It's quite interesting research, clearly describes the experimental and control groups, highlights random assignment, and the description of the commonly used "priming" process makes something often unclear pretty darn clear:
Thoughts related to God cultivate cooperative behaviour and generosity, according to University of British Columbia psychology researchers.
The researchers are asking a cause-effect question, which requires experimentation:
Priming is an experimental procedure used by cognitive and social scientists, mainly in psychology and economics, to obtain indicators of social tendencies by implicitly inducing relevant thoughts. As priming operates largely outside explicit awareness, subjects are unlikely to consciously revise their behaviours...groups were randomly assigned to the religious prime or to the control group. Participants in the religious prime group were given a word game and had to unscramble sentences (using spirit, divine, God, sacred and prophet). Those in the control group were given the same task with non-spiritual words.

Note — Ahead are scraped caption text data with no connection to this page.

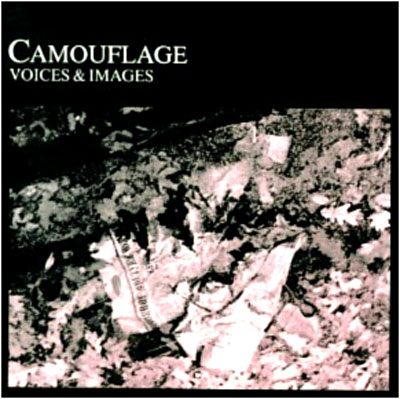 Voices and images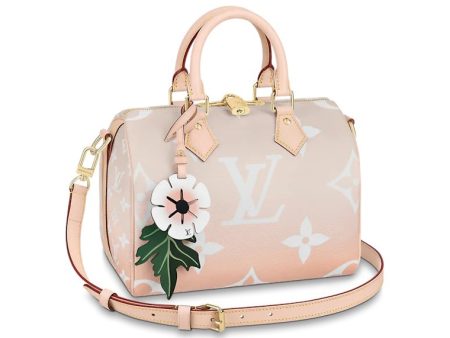 Louis Vuitton Speedy Bandouliere Gradient Pastel 25 Mist Gray For Discount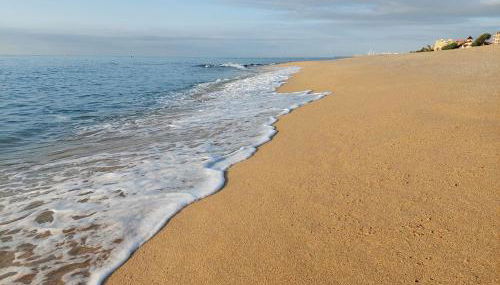 Oasis cerca de Barcelona - Photo 4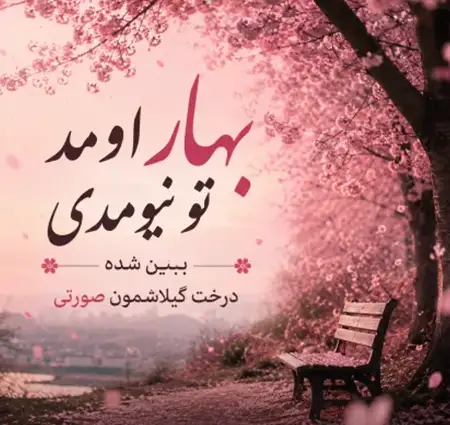  دانلود آهنگ بهار اومد تو نیومدی ببین شده درخت گیلاسمون صورتی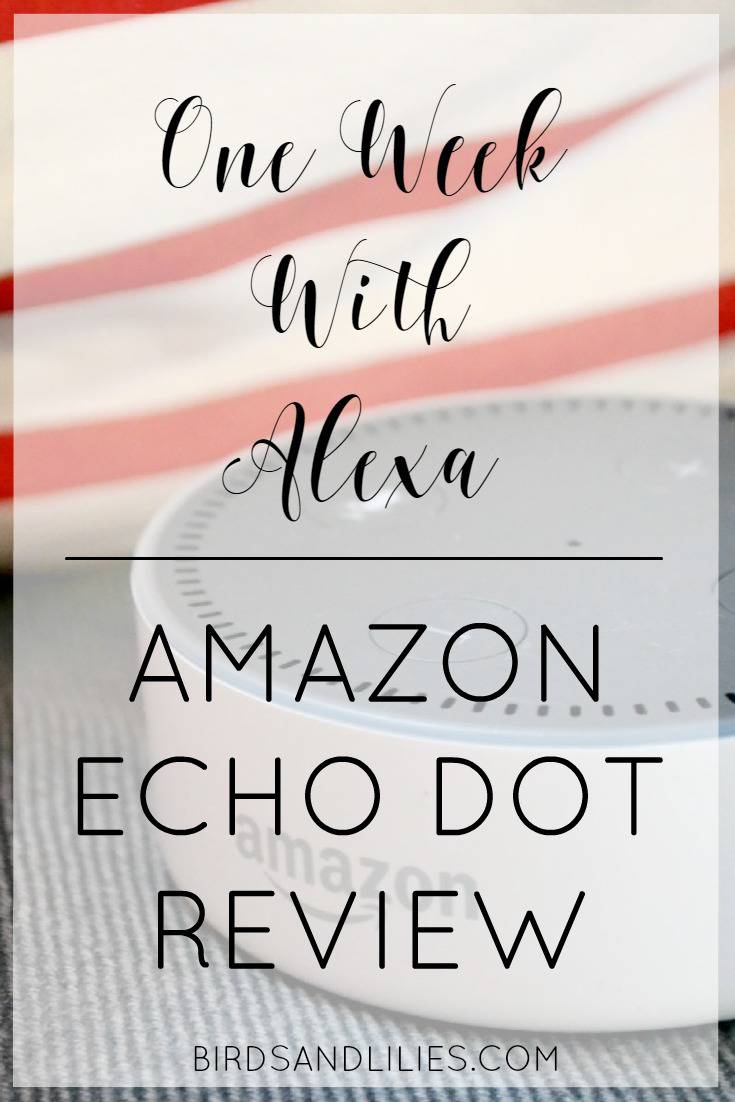 Thinking about getting an Echo Dot or an Echo? Find out all about it in this Amazon Echo Dot review and see if it's right for you!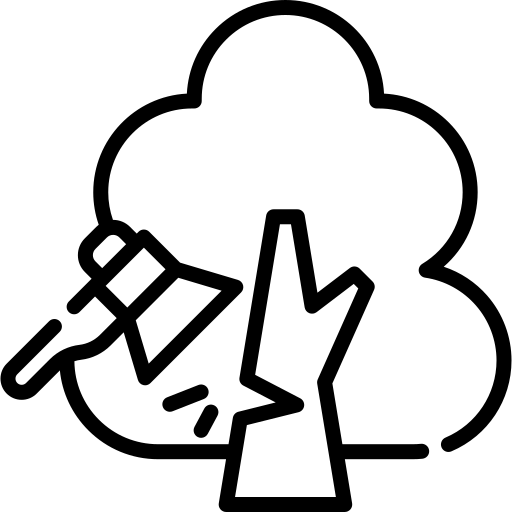 Axe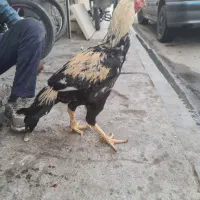 خروی لاری سالم وجوان|حیوانات مزرعه|مشهد, پنجتن|دیوار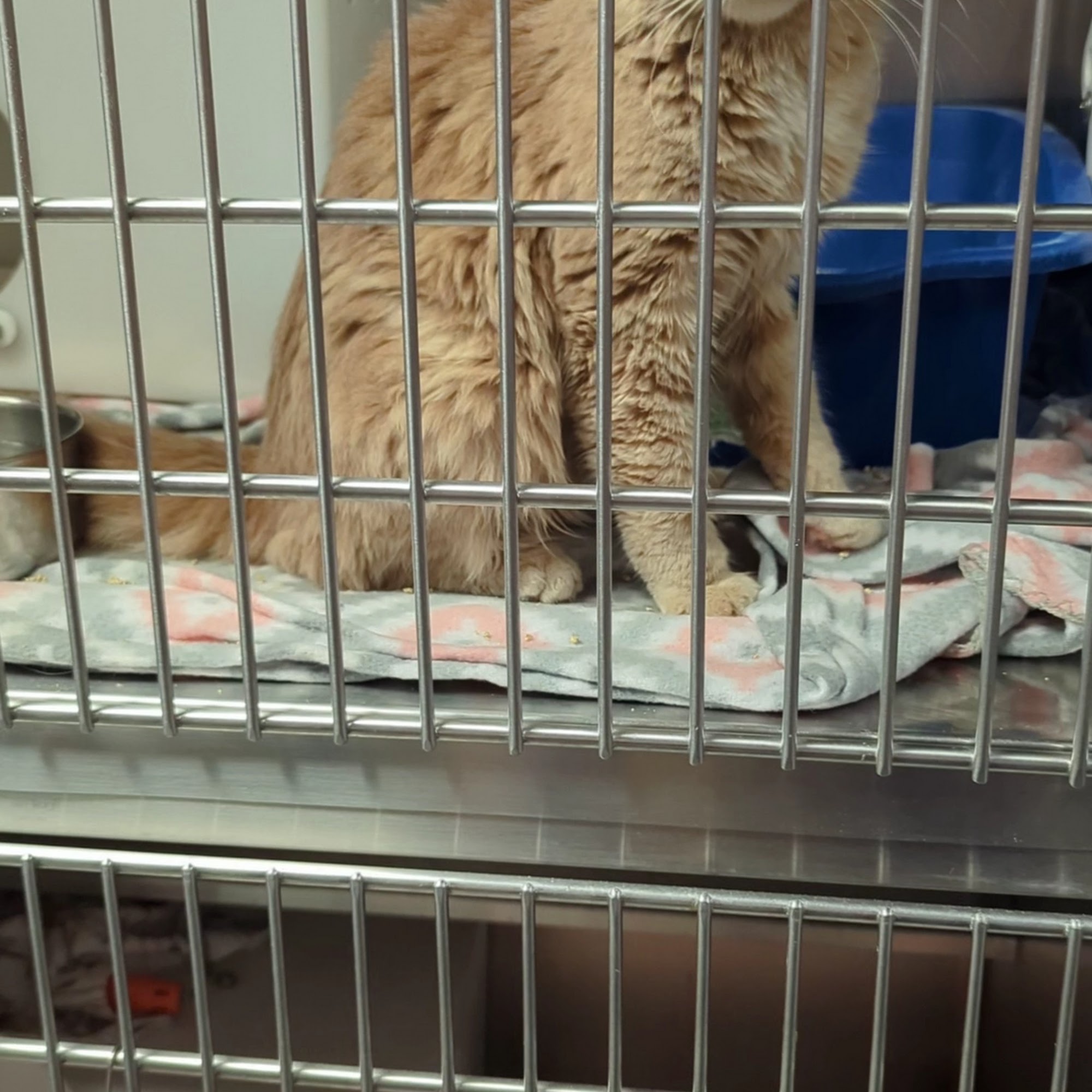 Wisconsin Humane Society Kenosha Campus Kenosha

Here's something that interests me. The researchers found that religious primes resulted in moral behavior, but found that secular primes of social justice and civic responsibility affected morality equally:
This is a twist on an age old question -- does a belief in God influence moral behaviour?

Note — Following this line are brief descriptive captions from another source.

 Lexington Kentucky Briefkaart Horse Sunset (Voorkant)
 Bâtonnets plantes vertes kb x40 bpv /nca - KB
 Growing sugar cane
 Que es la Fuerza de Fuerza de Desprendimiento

I wonder why the title of the article is all about God, and the results about secular primes are hidden within the article? Really, couldn't they have titled it, "Thinking About Civic Responsibility Leads to Generosity, Study Suggests"?
In the second study the researchers also investigated the strength of the religious prime relative to a secular prime. They used concepts of civic responsibility and social justice to prime subjects (with target words civic, jury, court, police and contract) and obtained almost identical results.